Keep the pictures out. Copy every line of the listing exactly.

########

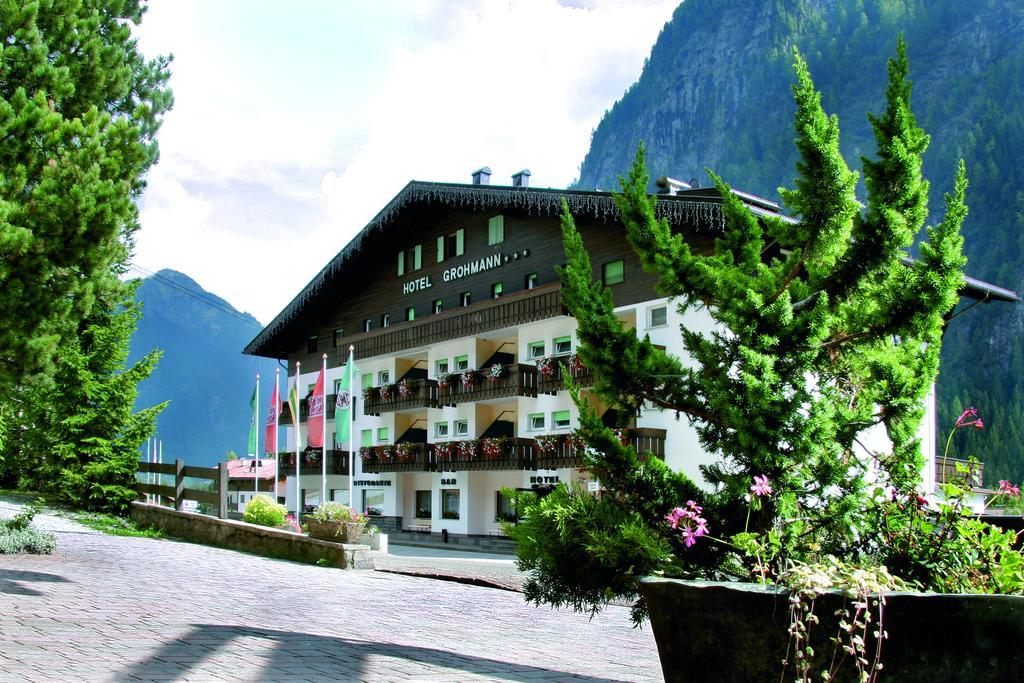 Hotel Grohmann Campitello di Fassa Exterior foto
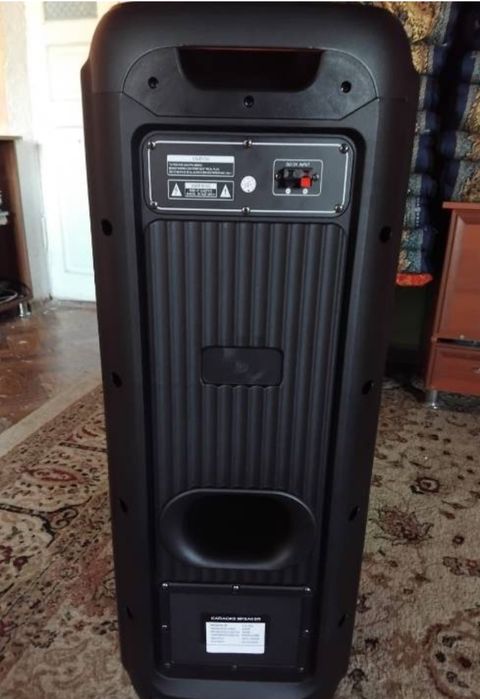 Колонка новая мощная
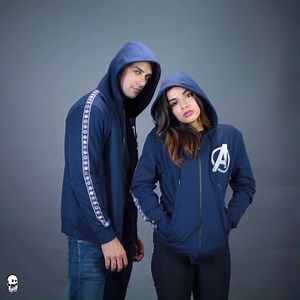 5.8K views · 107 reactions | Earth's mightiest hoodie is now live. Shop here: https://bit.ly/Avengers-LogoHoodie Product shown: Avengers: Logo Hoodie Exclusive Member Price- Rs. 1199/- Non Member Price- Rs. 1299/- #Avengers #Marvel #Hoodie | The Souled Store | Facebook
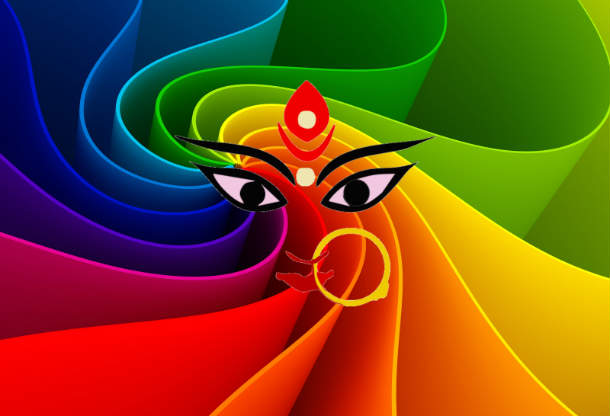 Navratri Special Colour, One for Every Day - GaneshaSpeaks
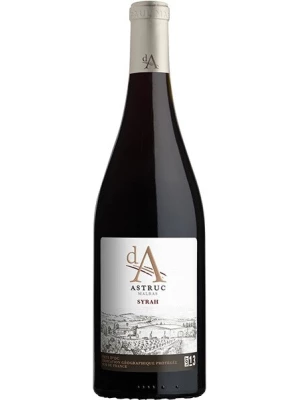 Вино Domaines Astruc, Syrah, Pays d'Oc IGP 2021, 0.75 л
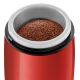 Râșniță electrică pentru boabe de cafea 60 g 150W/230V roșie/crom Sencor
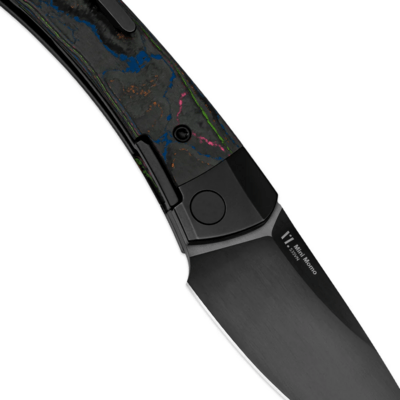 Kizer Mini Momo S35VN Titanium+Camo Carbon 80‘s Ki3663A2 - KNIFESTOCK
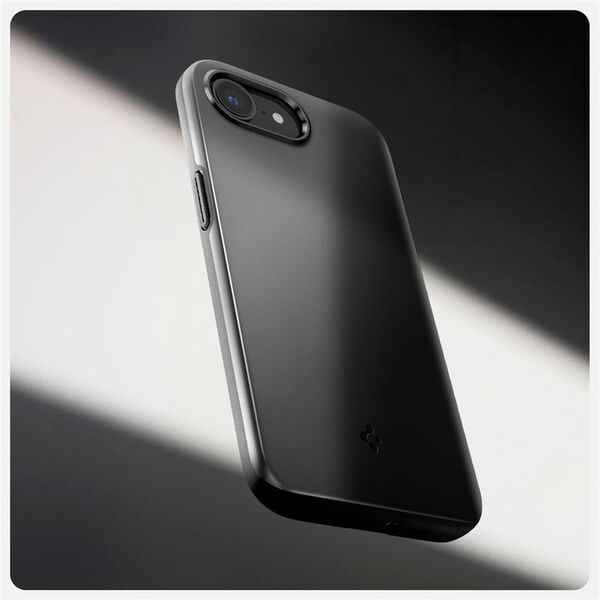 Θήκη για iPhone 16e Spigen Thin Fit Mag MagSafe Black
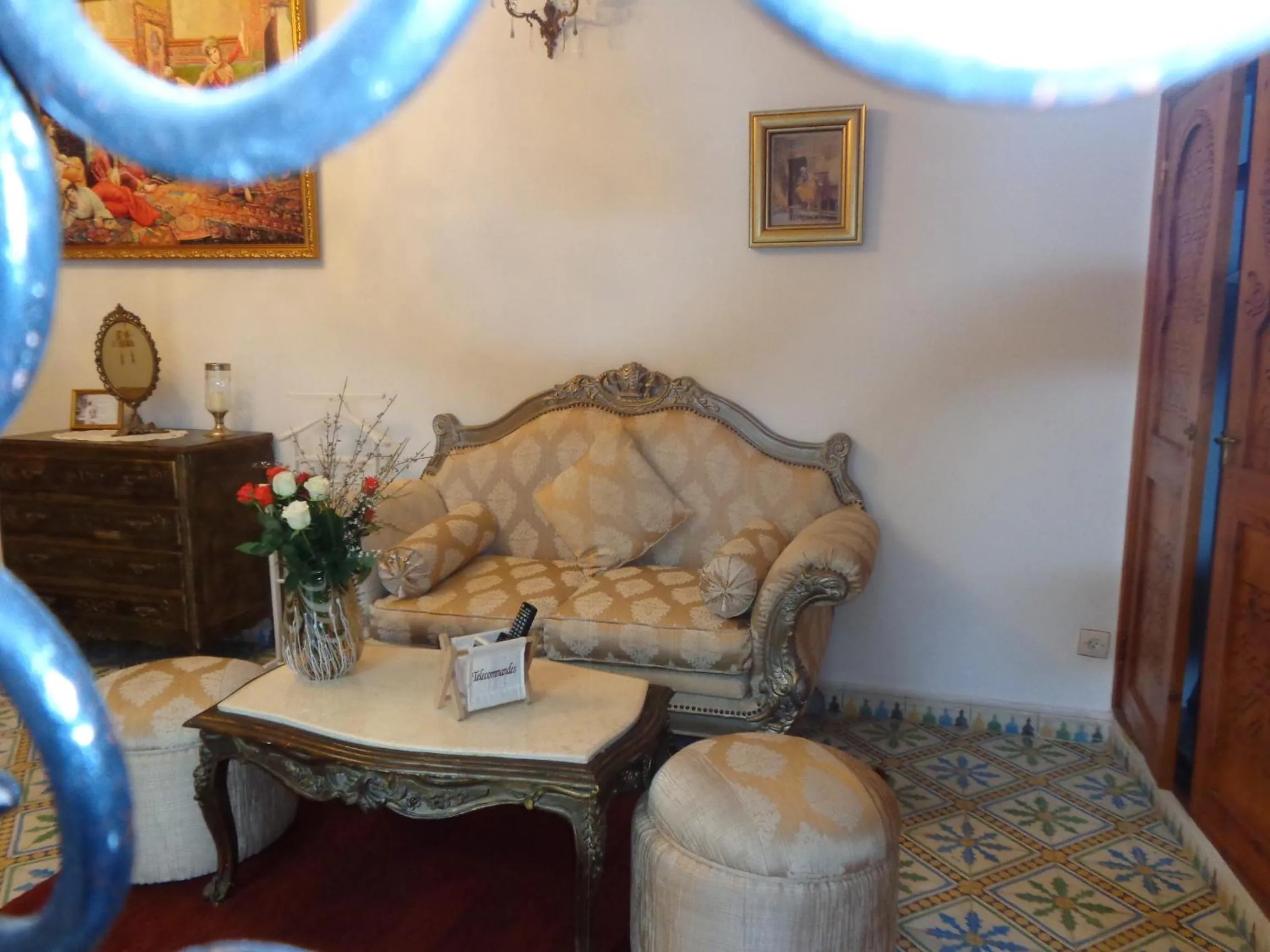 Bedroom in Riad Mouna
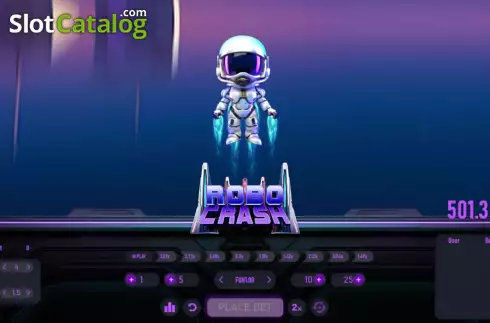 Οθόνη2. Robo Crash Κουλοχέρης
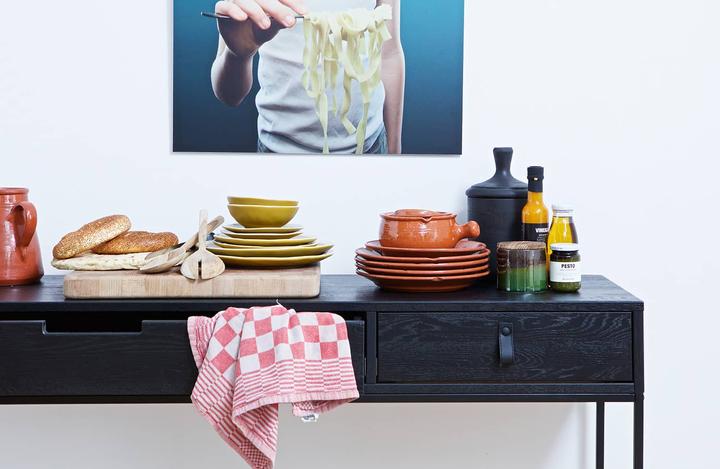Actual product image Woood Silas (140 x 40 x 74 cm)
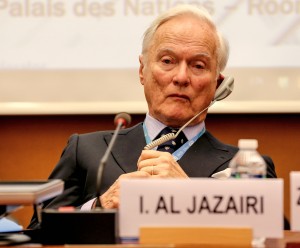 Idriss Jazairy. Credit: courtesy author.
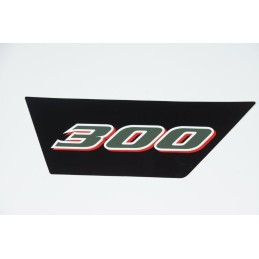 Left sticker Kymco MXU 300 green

########

• _Response to this exercise_:
 Hotel Grohmann Campitello di Fassa Exterior foto
 Колонка новая мощная
 5.8K views · 107 reactions | Earth's mightiest hoodie is now live. Shop here: https://bit.ly/Avengers-LogoHoodie Product shown: Avengers: Logo Hoodie Exclusive Member Price- Rs. 1199/- Non Member Price- Rs. 1299/- #Avengers #Marvel #Hoodie | The Souled Store | Facebook
 Navratri Special Colour, One for Every Day - GaneshaSpeaks
 Вино Domaines Astruc, Syrah, Pays d'Oc IGP 2021, 0.75 л
 Râșniță electrică pentru boabe de cafea 60 g 150W/230V roșie/crom Sencor
 Kizer Mini Momo S35VN Titanium+Camo Carbon 80‘s Ki3663A2 - KNIFESTOCK
 Θήκη για iPhone 16e Spigen Thin Fit Mag MagSafe Black
 Bedroom in Riad Mouna
 Οθόνη2. Robo Crash Κουλοχέρης
Actual product image Woood Silas (140 x 40 x 74 cm)
 Idriss Jazairy. Credit: courtesy author.
 Left sticker Kymco MXU 300 green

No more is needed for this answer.